When Barak first took office in 1999, his highest priority was signing a peace agreement with Syria. The problem was that all three of Barak’s immediate predecessors—Rabin, Peres, and Benjamin Netanyahu—had agreed to a full withdrawal from the Golan Heights, which Israel captured and occupied in 1967. Even more troubling from his perspective was that they had agreed to use the June 4, 1967, line as the basis for the new Israeli–Syrian border after Israel’s withdrawal from the Golan. The June 4 line was more favorable to Syria than other options, such as the 1923 international boundary. Could Barak too make the leap?

The first test was the talks in Shepherdstown, West Virginia, in January 2000, and Barak failed that test. Washington and Damascus both sent representatives to the talks thinking the two sides would have a major breakthrough. Barak, who was allowing himself to be guided by unsettling polling results from Israel, had other ideas. For Barak, Shepherdstown became an opportunity to probe the Syrians rather than one for an actual policy shift and peace agreement. The Syrians, who had believed an agreement was possible and had sent their foreign minister Farouk al-Shara to negotiate, were outraged, and they were not alone. As Clinton derisively told Barak at the later Camp David summit, “I went to Shepherdstown and was told nothing by you for four days.”

The second test came on March 26, 2000, when Clinton met Hafez al-Asad in Geneva. Again many observers thought a deal was in the offing. Asad brought a massive delegation, apparently expecting to negotiate and write a peace treaty.

However, in a now well-known debacle, Clinton had barely begun his presentation to Asad when the Syrian president objected. As Clinton told Asad that Israel would withdraw to “a commonly agreed border” at the June 4 line, Asad said it was a “problem.” When Clinton tried to continue by adding that Israel would retain control of all the land around the Sea of Galilee, Asad replied, “Then they don’t want peace.” The two leaders never recovered, and the meeting was a prominent public failure.

Even if Ross’s account is correct and Clinton did refer to the June 4, 1967, line, Ross plays fast and loose with the definition of that line.

To Ross, the explanation for the failure was that Asad did not want peace. “In the end,” Ross wrote, “Asad passed.” Asad himself had always insisted on the June 4 line. How could Ross explain Asad’s rejection of a deal that included Israeli withdrawal according to his own terms? Asad must have changed his mind about resolving Syria’s conflict with Israel.

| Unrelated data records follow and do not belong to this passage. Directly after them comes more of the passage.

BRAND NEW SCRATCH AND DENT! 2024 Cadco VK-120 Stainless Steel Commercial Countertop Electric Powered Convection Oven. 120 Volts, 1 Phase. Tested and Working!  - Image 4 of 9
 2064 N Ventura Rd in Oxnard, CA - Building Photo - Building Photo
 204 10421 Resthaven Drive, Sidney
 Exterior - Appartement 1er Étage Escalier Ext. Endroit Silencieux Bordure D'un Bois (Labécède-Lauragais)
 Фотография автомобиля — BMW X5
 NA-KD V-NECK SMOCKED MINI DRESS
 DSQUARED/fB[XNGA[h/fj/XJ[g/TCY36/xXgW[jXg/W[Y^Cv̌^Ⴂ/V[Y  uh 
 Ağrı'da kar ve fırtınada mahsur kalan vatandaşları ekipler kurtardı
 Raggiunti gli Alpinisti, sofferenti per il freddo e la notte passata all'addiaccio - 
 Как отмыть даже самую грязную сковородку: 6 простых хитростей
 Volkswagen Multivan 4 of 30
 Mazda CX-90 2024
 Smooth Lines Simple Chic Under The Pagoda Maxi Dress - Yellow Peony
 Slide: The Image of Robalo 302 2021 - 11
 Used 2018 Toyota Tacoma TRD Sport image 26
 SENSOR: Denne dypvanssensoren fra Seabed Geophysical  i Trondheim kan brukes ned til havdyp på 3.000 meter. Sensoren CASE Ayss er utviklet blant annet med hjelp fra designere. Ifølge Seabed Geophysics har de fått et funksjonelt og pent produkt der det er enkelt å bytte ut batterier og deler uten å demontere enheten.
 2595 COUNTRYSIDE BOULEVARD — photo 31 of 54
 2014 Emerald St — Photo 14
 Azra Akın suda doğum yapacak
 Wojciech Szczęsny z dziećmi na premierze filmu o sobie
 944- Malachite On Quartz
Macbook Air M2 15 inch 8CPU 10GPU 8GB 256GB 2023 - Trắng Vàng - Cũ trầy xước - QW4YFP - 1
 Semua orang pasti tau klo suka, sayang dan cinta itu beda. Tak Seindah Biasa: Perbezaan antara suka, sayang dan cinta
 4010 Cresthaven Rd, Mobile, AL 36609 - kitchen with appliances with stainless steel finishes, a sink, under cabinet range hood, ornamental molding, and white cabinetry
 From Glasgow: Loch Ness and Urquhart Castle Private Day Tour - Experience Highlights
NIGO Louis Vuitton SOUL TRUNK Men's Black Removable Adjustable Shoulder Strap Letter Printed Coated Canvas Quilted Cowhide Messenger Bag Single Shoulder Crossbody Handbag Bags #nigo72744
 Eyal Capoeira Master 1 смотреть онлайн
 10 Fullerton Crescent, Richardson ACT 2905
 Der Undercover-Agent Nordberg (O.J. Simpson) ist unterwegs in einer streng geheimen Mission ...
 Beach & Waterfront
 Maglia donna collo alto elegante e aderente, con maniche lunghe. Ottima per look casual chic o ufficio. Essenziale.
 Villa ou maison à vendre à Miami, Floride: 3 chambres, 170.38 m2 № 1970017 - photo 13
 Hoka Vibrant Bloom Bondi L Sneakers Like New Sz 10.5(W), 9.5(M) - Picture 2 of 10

The question of exactly what Clinton said to Asad is still open to debate. In Shattered Dreams Enderlin writes that Clinton mentioned an “agreed-upon boundary” without a reference to the June 4, 1967, line. In his account, it is obvious why Asad rejected the deal.

But even if Ross’s account is correct and Clinton did refer to the June 4, 1967, line, Ross plays fast and loose with the definition of that line. According to Frederic Hof, an expert on the Golan border area, Syria controlled land all the way up to the shoreline in the northeast corner of the Sea of Galilee as of June 4, 1967. This was more land than Syria was entitled to if one accepted the 1923 international border—that earlierline was ten meters back from the water. At one point, Ross suggests without elaboration that the 1923 line and the June 4 1967 line are both ten meters back from the water.

Yet whether one takes Hof’s or Ross’s view of the 1967 line, the map Ross showed Asad on March 26, 2000, was even more generous to Israel in the northeast corner of the sea. How do we know? Ross relates that upon seeing the map, the Syrian Foreign Minister al-Shara “immediately pointed out that the narrow strip off the lake was to the east of the 1923 line.” Ross’s response was that “it was true that at that point the line was marginally to the east of the 1923 line,” though Syria would get more land in the southeast part of the lake. Further east meant even further from the Sea of Galilee. In short, even if one accepts Ross’s view of the June 4, 1967, line as conterminous with the 1923 line at this part of the Sea of Galilee, the map he presented in 2000 did not follow that line.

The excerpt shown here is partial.